Comer o sarapatel em banca especial do mercado popular, ou comer tapioca com a assinatura de notável tapioqueira no Alto da Sé em Olinda, ou ainda comer o vatapá pernambucano concentrado no amendoim no “Buraquinho”, restaurante herdeiro do Buraco de Otília, no Recife, é aliar ao ritual de comer a marca, grife da tradição do fazer, do servir, e especialmente de viver o lugar, o território.

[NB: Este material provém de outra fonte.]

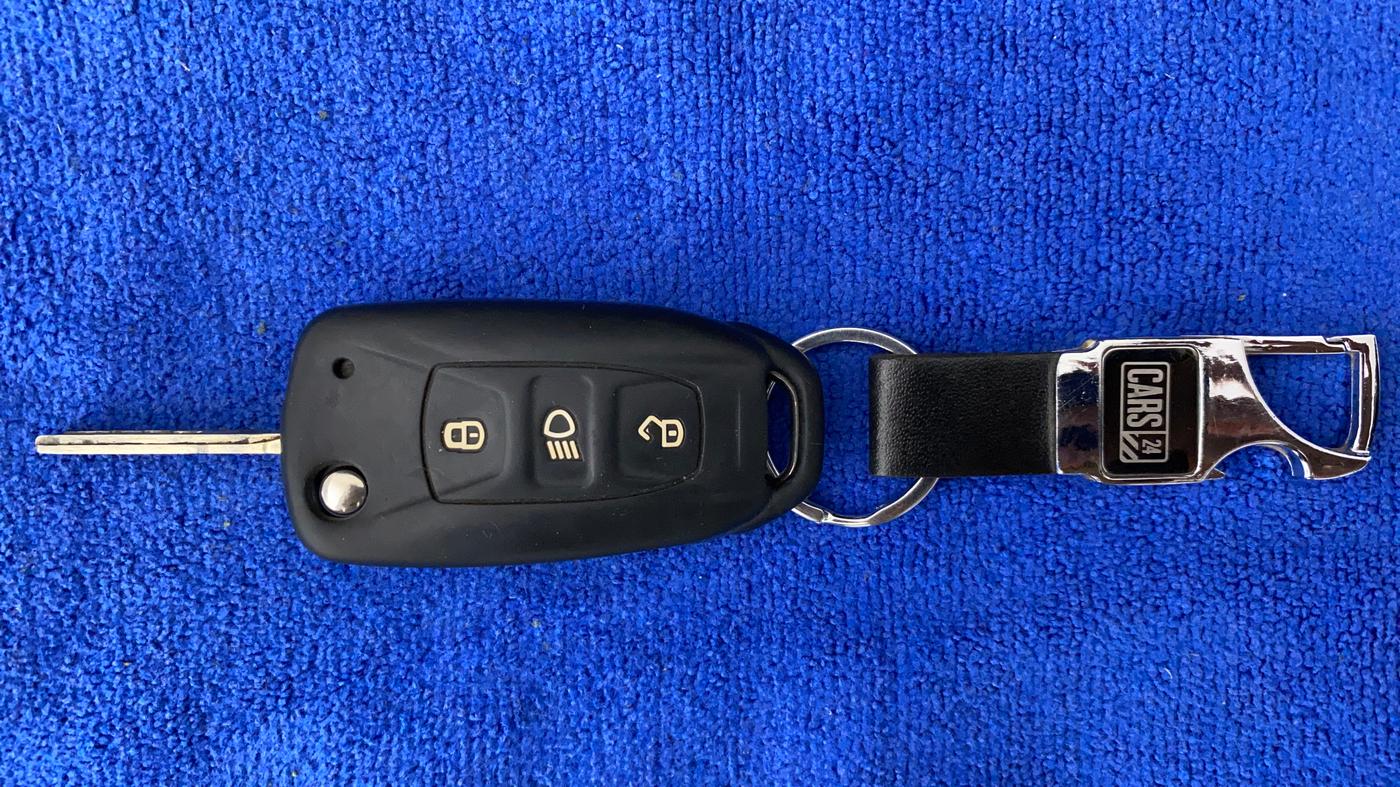 2022 Tata Tiago XT CNG, CNG, Manual, 49,959 km, Key Close Up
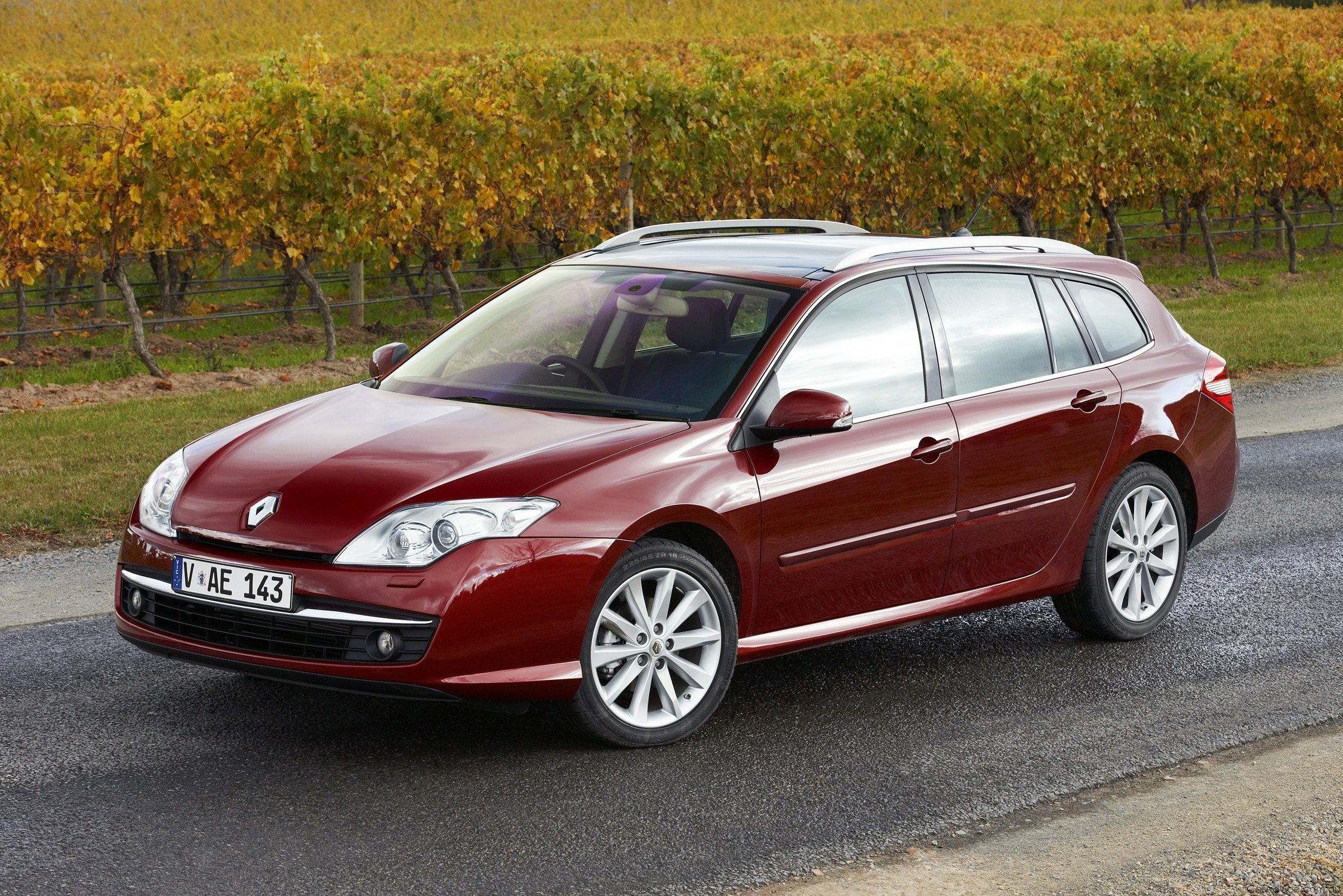 2009 Renault Laguna Estate - First Steer - Photos (1 of 12)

Certamente a construção do paladar é uma construção da cultura, e assim se formam os conceitos dos sabores: de salgado, de doce; do que é quente ou frio, e não apenas por sensações físicas, mas simbólicas. Assim, o paladar amplia as relações com o mundo representado: estética, compromissos religiosos, códigos éticos e morais, gênero, poder entre tantos outros.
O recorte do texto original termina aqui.